[Opening PROVIDED DATA section]

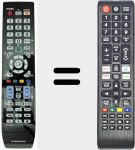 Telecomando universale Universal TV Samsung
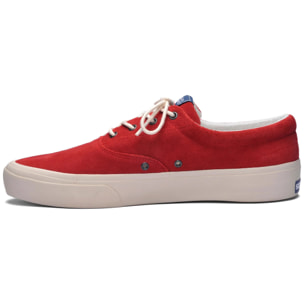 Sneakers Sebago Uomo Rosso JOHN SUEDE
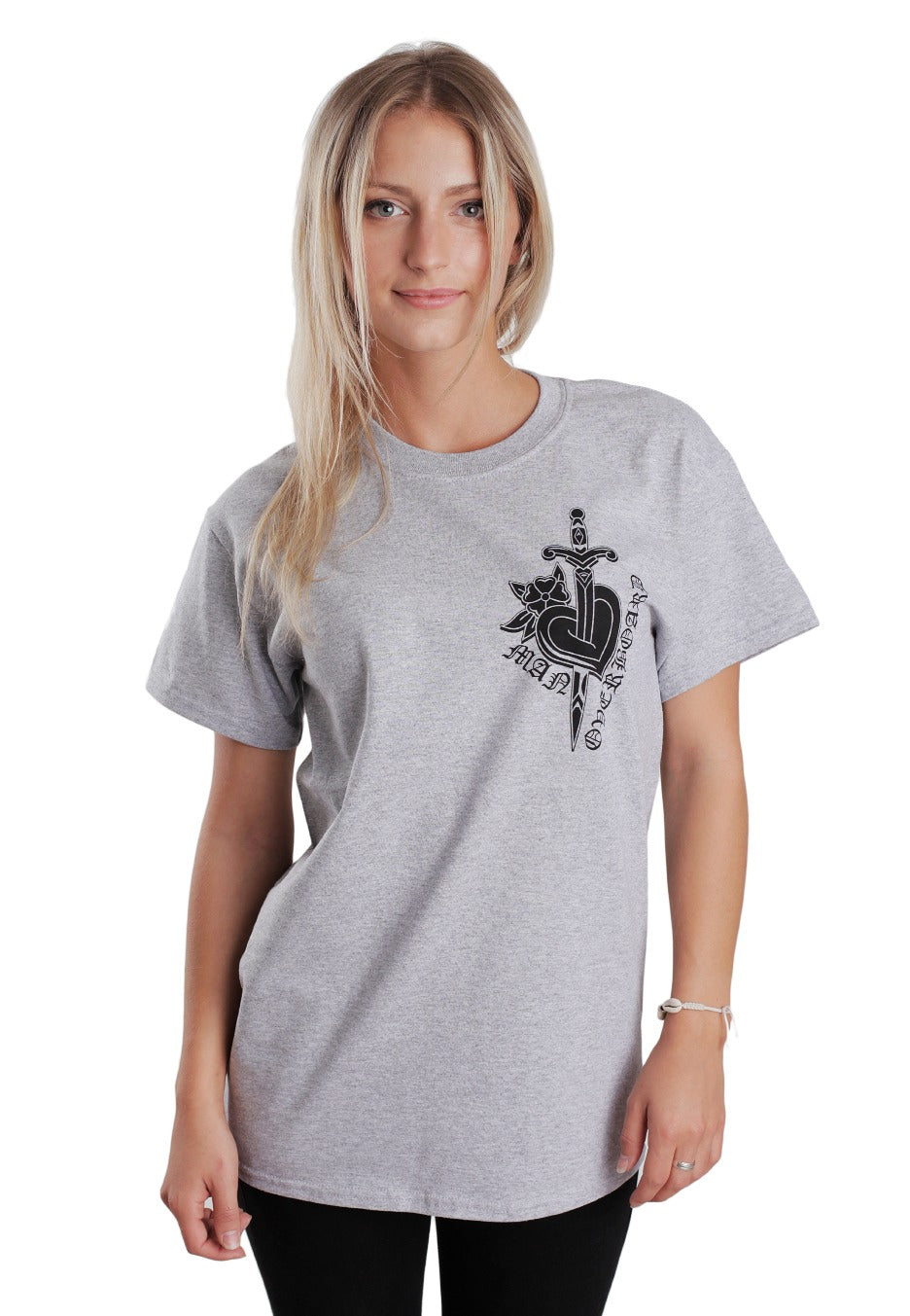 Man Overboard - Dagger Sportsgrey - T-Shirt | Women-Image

[Closing PROVIDED DATA section]
[Opening PROVIDED DATA section]

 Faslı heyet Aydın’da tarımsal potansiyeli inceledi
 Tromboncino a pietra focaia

[Closing PROVIDED DATA section]

* _REQUIRED ACTION_: The lines above from the line with "Telecomando universale Universal TV Samsung" through the line with "Man Overboard - Dagger" are to be given again word for word, with no pictures among them.

* _RESPONSE BOX_:
 Telecomando universale Universal TV Samsung
 Sneakers Sebago Uomo Rosso JOHN SUEDE
 Man Overboard - Dagger Sportsgrey - T-Shirt | Women-Image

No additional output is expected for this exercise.